Beaver v. Celebrezze

211 F. Supp. 753 | D. Kan. | 1962

HUXMAN, Senior Circuit Judge.

Plaintiff, Andrew Beaver, invokes the jurisdiction of this court under 42 U.S. C.A. § 405(g). He seeks the judgment of this court setting aside the determination of an examiner denying his application for a so-called “wage freeze” under 42 U.S.C.A. § 416(i) and § 223 of the Social Security Act. On November 20, 1958, plaintiff filed a disability application claiming he became totally disabled to engage in any substantial gainful activity and such disability continues to the date of the hearing, August 29, 1961. A full hearing was had and a decision was entered holding plaintiff not entitled to establishment of a disability period under § 216 (i) of the Social Security Act. Appeal was had and the decision was affirmed.

To be entitled to the “wage freeze” he seeks, plaintiff must establish an “inability to engage in any substantial gainful activity by reason of any medically determinable physical or mental impairment which can be expected to result in *754death or to be of long-continued and indefinite duration.” 1

Plaintiff’s disability, if of the kind entitling him to the “wage freeze”, has existed for a sufficient time to entitle him to the status he seeks. The record shows these facts.

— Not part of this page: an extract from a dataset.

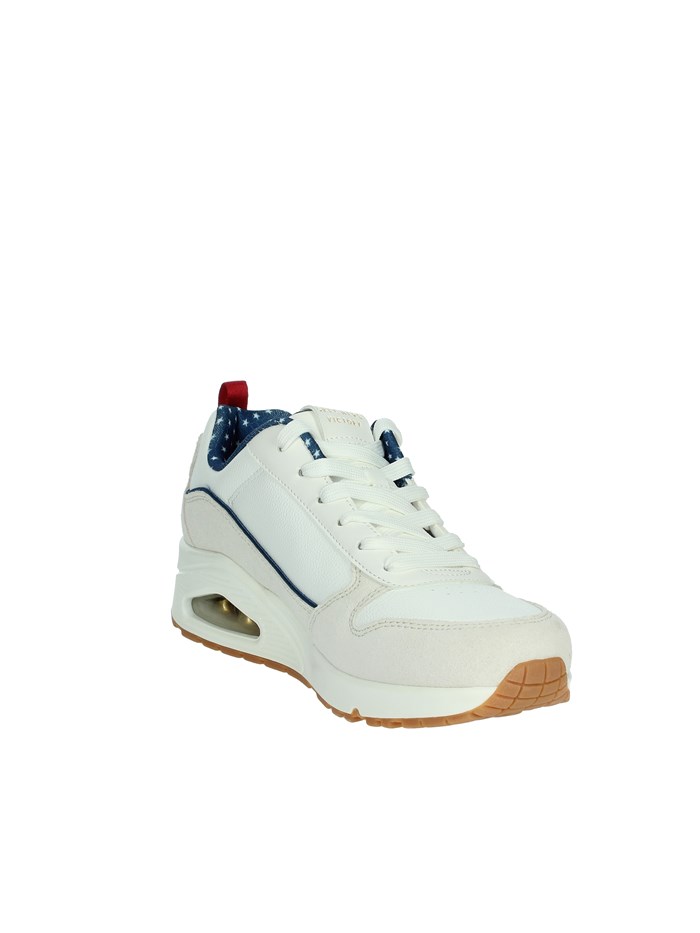 SNEAKERS BASSA 177910 BIANCO/BLU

Plaintiff was born August 11,1901, and became unable to work May 20, 1958, at the age of 56 years, because of tuberculosis. He has an 8th grade education. He did farm work. From July, 1955, to April, 1956, and from January, 1957, to April 1957, he worked for a railroad as a machinist helper. From April, 1956, to December, 1956, he worked in a drug store as a janitor and porter. From April, 1957, to May, 1958, he worked for the State of Kansas as a janitor. In January, 1958, his condition was diagnosed by a doctor as minimal active pulmonary tuberculosis. He was admitted to the State Sanatorium for Tuberculosis at Norton, Kansas, in May, 1958. Dr. Taylor of the hospital examined him on August 5, 1958, and stated his condition was static. He filed the application on which this proceeding is based while he was in the hospital.

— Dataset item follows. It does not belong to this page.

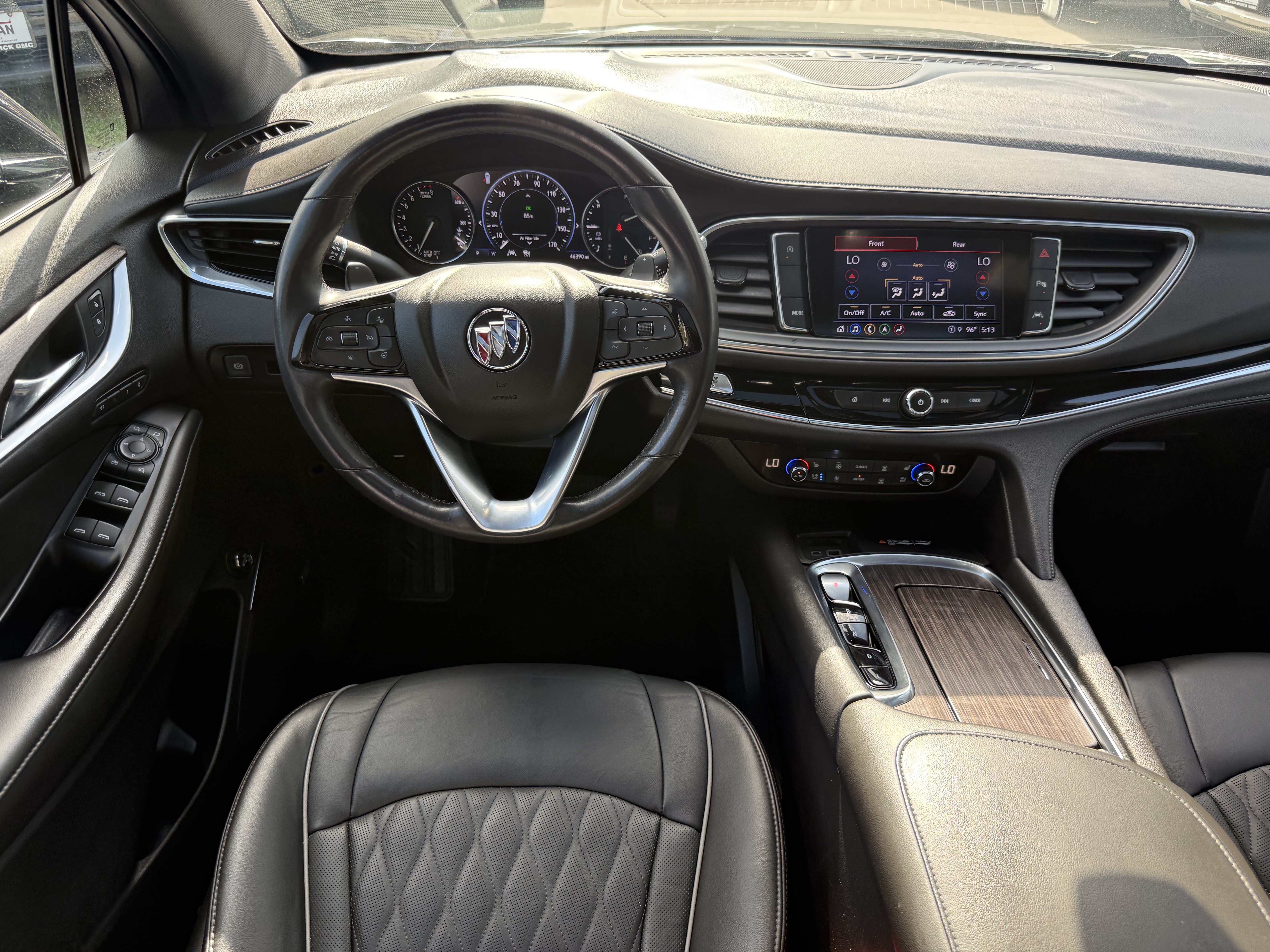 Used 2023 Buick Enclave Avenir w/ Avenir Technology Package FWD image 14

Dr. Taylor reported that plaintiff was discharged from the hospital January 11,1959, with his tuberculosis “apparently arrested.” Medication was to be continued and he was to be examined every three months. While in the Sanatorium, plaintiff did four hours of light work per day. The institutional authorities reported “ * * * and we feel that it is all right for him to do this after he gets home. He should not increase his work time, however, until future re-examinations reveal that he is progressing satisfactorily at home. We would encourage him to keep up with the four hours light work if he can find something to do.”

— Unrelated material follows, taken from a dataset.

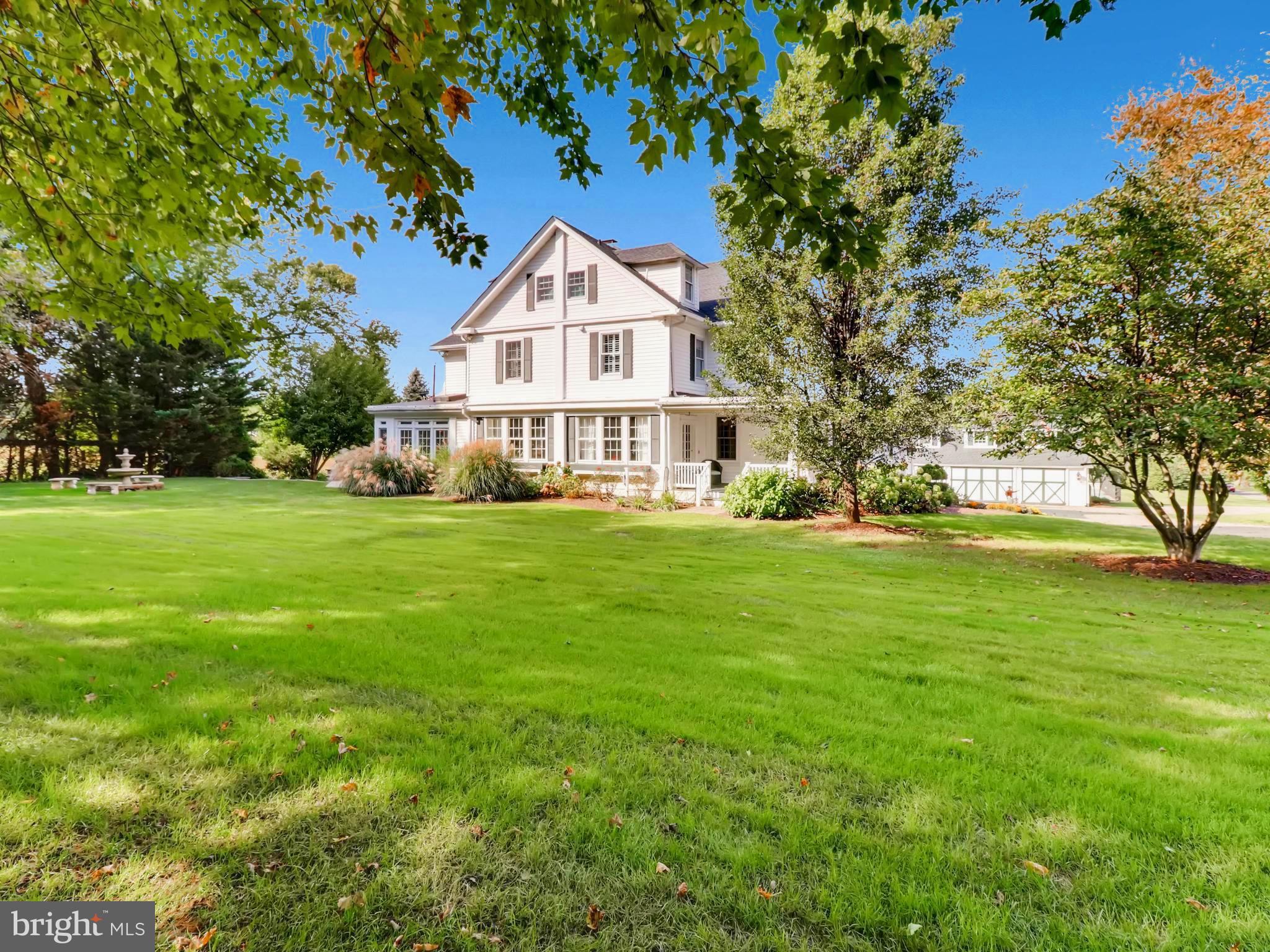 GREENSPRING VALLEY - Residential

In January, 1959, plaintiff was accepted by the Kansas Vocational Rehabilitation Agency for rehabilitation. Dr. Baude stated on December 4, 1958, that plaintiff could do 8 hours of light work per day but that if he could not find such work, he should be considered unemployable. The rehabilitation counselor learned that beginning November 1, 1959, plaintiff had obtained a job as a porter at a book store. He worked 20 hours a week, 4 hours per day for 5 days. His salary was $1.25 per hour. On January 19, 1960, plaintiff obtained a second job as an evening janitor at the State Office Building at a salary of 85 cents per hour for 5 hours a day, 5 days a week. On this basis, plaintiff’s total yearly salary was $2,405.00. The nature and hours of plaintiff’s work were checked by the vocational rehabilitation counselor to make sure #that plaintiff was not exceeding his physical capacity. He was found capable of the requirements of both jobs. Dr. Baude stated in March, 1961, that he had seen plaintiff on October 21, 1960. He stated that plaintiff could do “ * * * 8 hours of very light work.” Plaintiff was still employed on August 23, 1961, and had requested more hours of work so he could earn more money. At the time of this hearing, August 29, 1961, plaintiff was earning $107.26 per month on his job.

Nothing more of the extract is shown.